Joyce Jefferson, telling the stories of African American women in South Dakota

RAPID CITY, S.D. (KOTA) - Joyce Jefferson came to South Dakota because she was a “military brat”, originally from Louisiana, Jefferson is a southern girl at heart. When she and her husband moved here, knowing about African Americans in the area was important to the couple.
“When my husband and I first came here, we wanted to see evidence of ourselves, so we went all over to the museum in the area, and we stopped at one. We looked for the Buffalo Soldier and we did find any buffalo soldiers to speak of,” said Jefferson, who tells the tales of six South Dakota African American women. “We walked all over that museum and when we got ready to leave there was this huge panoramic picture of all these African Americans in white uniforms astride horses and that was just like, oh my goodness, we are here. But that was only one picture in that entire museum.”
Right then is when she found the need to tell stories of African American women in South Dakota including Lucretia Marchbanks who is said to be the first black woman in the Black Hills and the first woman Jefferson portrayed.
“There was this six-foot-tall picture of Lucretia Marchbanks on the wall, and I just stood there, and I’d let them sit down and they’d look at me and they’d look at the picture. And look at me and look at the picture and then when everybody was started...or seated...I would start and I would tell about Lucretia Marchbanks as if she were living today and one of the questions was, you can’t be 150 years old?”

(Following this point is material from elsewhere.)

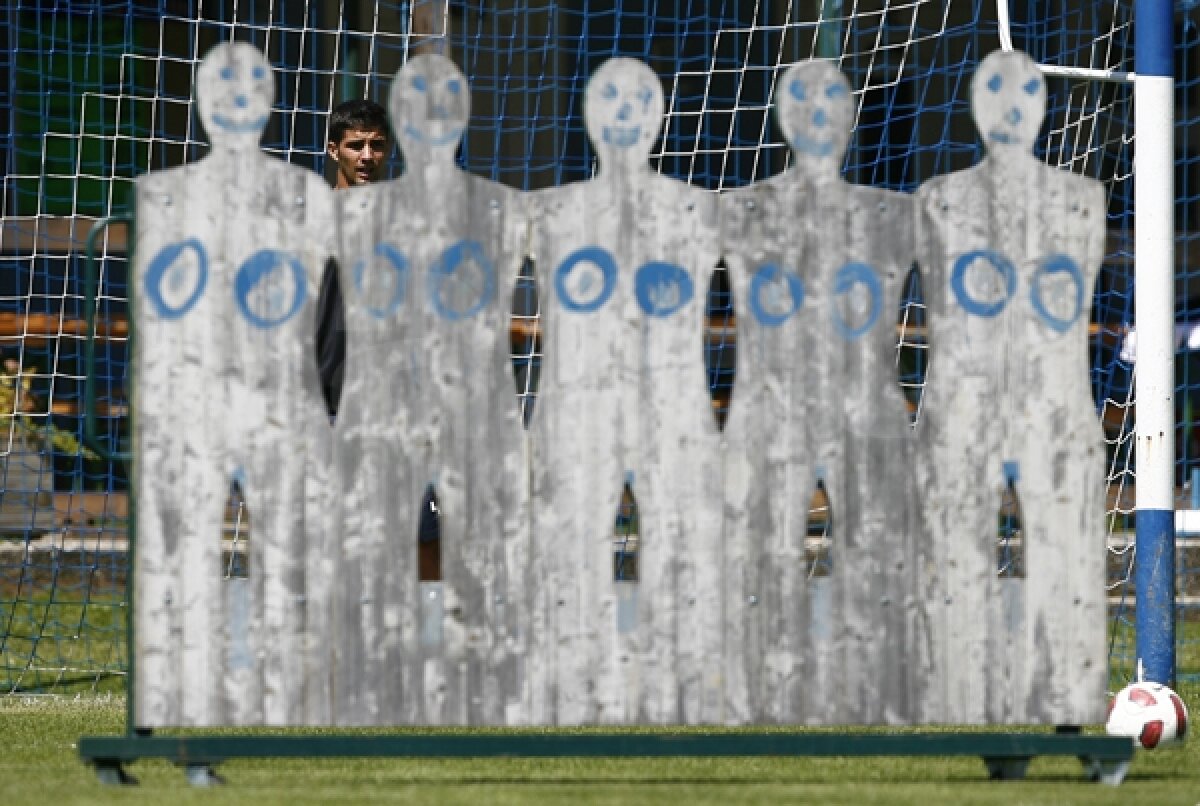 FOTO » Jucătorii Timişoarei "au luat la ţintă gagicile" la antrenamentul de azi :)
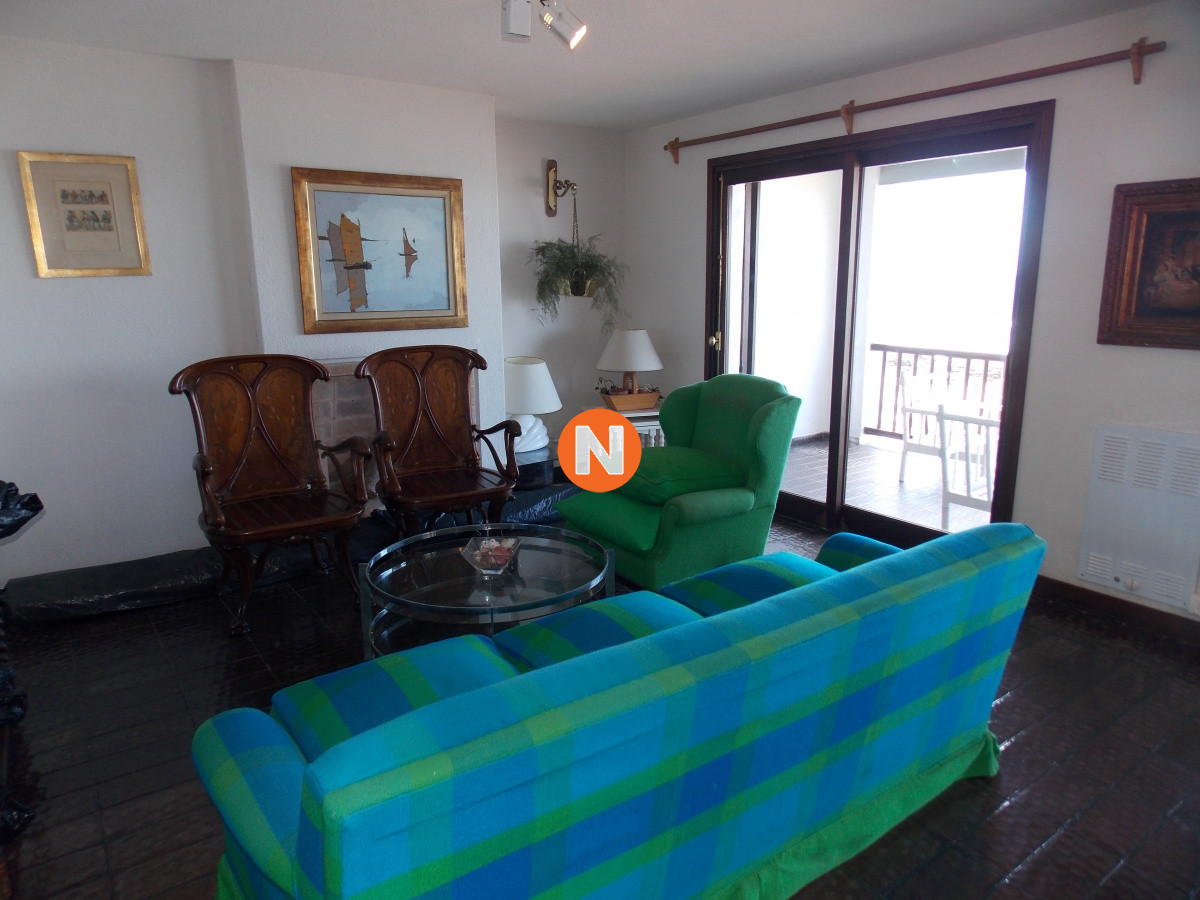 Apartamento Ref.2903 - Apartamento en Alquiler, Peninsula, Punta del Este, 3 Dormitorios.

Jefferson says that even though she tells her stories to educate others, she does not have a direct purpose for the stories, rather she hopes that people will take what they need from them. “There was also a man, after the woman from the Holocaust and visited with me, and I don’t think he could speak, because he grabbed my hands and he just looked at me and I can’t remember if he was trying to talk or not, but he was just holding my hands. And he had a tear come down and then he looked at his hands and then he put a bill in mine, and he walked away. So, that told me he knew what I was trying to say, even though I may not have, I hit his heart strings through what I was able to portray”
Portraying characters from the past has helped not only Jefferson, “Since I am a military brat and I have been lots of places, I lost a little bit of my culture I did not learn about Juneteenth until I came here to South Dakota.”
Jefferson says that South Dakota originally celebrated Emancipation Day, rather than Juneteenth. The importance of knowing what each holiday is helps bring our community together. Jefferson suggests educating children, so they know who the people of America are.